Each member of the Committee will always act in an impartial, independent and objective manner, in the best interests of the company and in accordance with the company's articles of association, charters and by-laws. If a Committee member becomes aware that s/he has, or may have, a potential conflict of interest (as further described in the board charter), s/he shall fully disclose such conflict or potential conflict to the board and shall recuse himself from the Committee's consideration of such matter.
The Committee, by itself or with the assistance of outside advisors, will annually assess its effectiveness in performing its duties. Such annual assessment will include recommendations of the Committee for improvements in this charter and in the conduct of the Committee's activities. A report of the audit & risks committee's effectiveness will be prepared for delivery to the board and the annual general assembly. The results of the annual assessment will also be presented by the Committee's chairman at a meeting of the board and the board will adopt, reject or modify the recommendations of the Committee.
The Committee will provide the board with reports as provided in this Committee charter, as the board may request or as the Committee decides appropriate.
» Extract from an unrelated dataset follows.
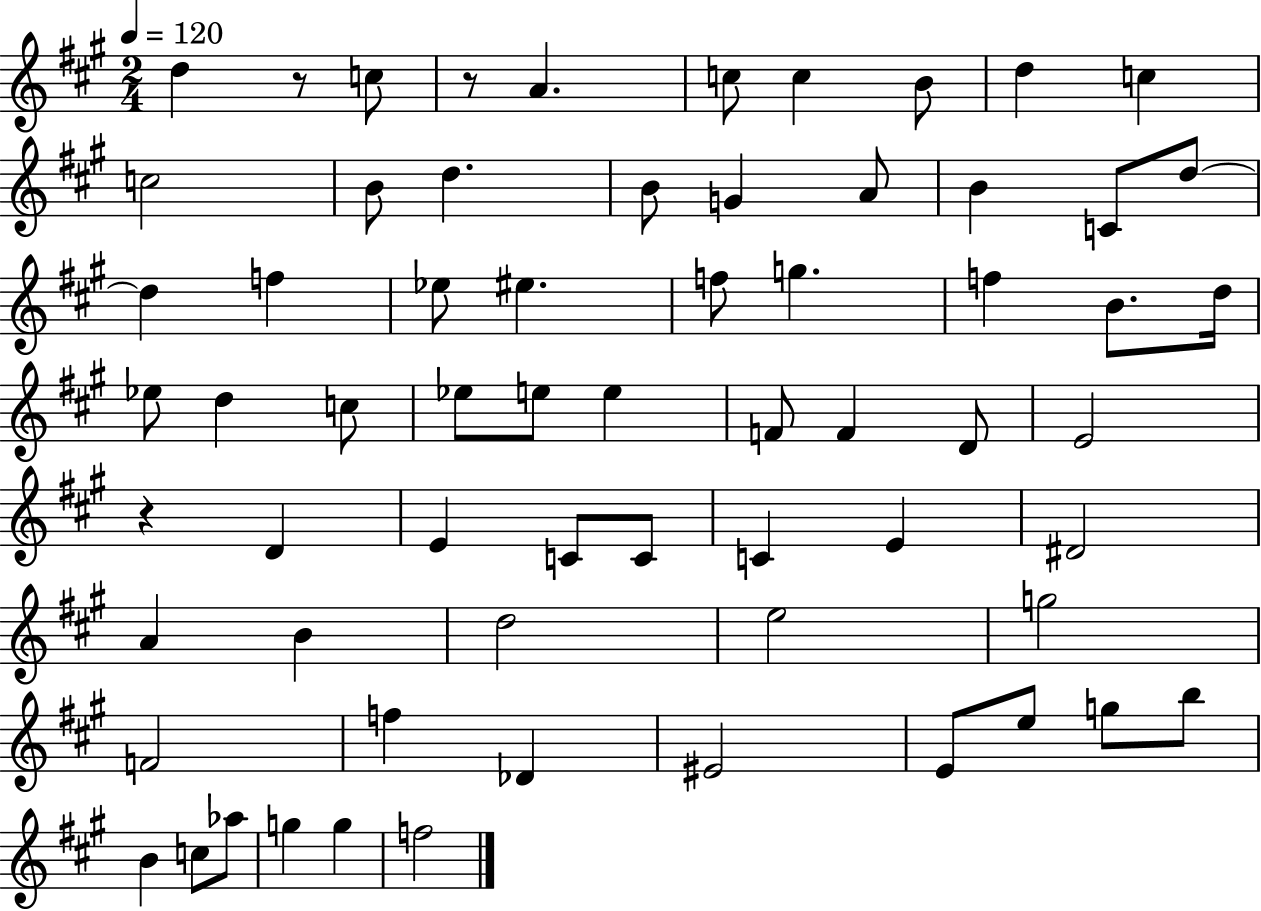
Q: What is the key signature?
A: A major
In any case, the Committee will provide the board and the annual general assembly with an annual report of its activities, including the results of the annual review of the Committee's effectiveness.
The costs of operation of the Committee, including costs associated with the contracting of professional advisors to the Committee shall be evaluated and authorized by the board on an annual basis, and in no event will be subject to the evaluation and approval of the company's management.
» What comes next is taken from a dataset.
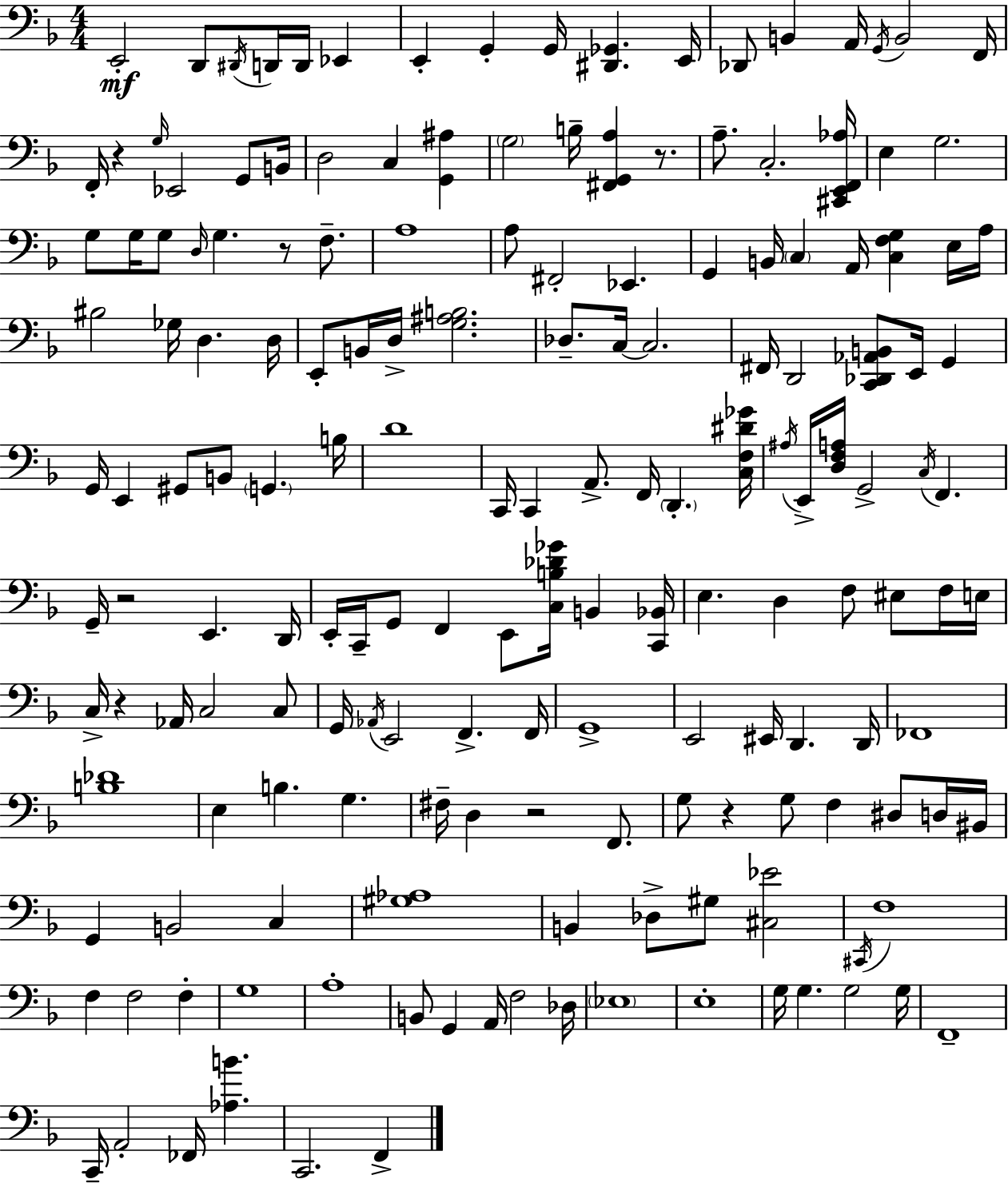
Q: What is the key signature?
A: F major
The Committee will meet as often as necessary. The Committee shall meet at least quarterly. Meetings may be conducted in person or via teleconference.
Meetings may be called at the initiative of the Committee's chairman or upon written request to the chairman signed by two Committee members. The day, time and place of each quarterly meeting shall be set out in the Committee's annual calendar of activities. The chairman shall notify the members of the Committee of the day, time and place of any additional meetings of the Committee at least five business days in advance. The chairman will arrange for members of the Committee to receive an agenda and required background materials at least five business days prior to any meeting. A quorum for Committee meetings will require the presence (in person or via teleconference) of the chairman and at least one other member of the Committee.
The Committee will meet at least once each year with each of the external auditor, the company’s CFO and the company’s legal counsel, in each case in the absence of company management and any other employees of the company:
Minutes must be drawn up for every meeting of the Committee. The minutes will be signed by the chairman of the Committee and the minute taker and then will be added to the company’s records. Each member of the Committee shall receive a copy of the minutes at least five days before the next meeting of the Committee.
The Board Secretary will fulfil the role of Secretary to the Audit & Risk Committee. The Secretary will assist the Chair develop and distribute committee agendas, papers, minutes, and calendar.
The Secretary will ensure the agenda and supporting papers for each meeting are circulated at least one week before the meeting. Minutes must be approved by the Chair and circulated within two weeks of the meeting to each member.
The minutes will be ratified by members in attendance/discussion and signed by the Committee Chair.
The Committee Chair is to report to the Board following each meeting of the Committee. The manner of reporting may be by distribution of a copy of the minutes of the meeting supplemented by other written information if necessary, including any recommendations requiring Board action and/or approval.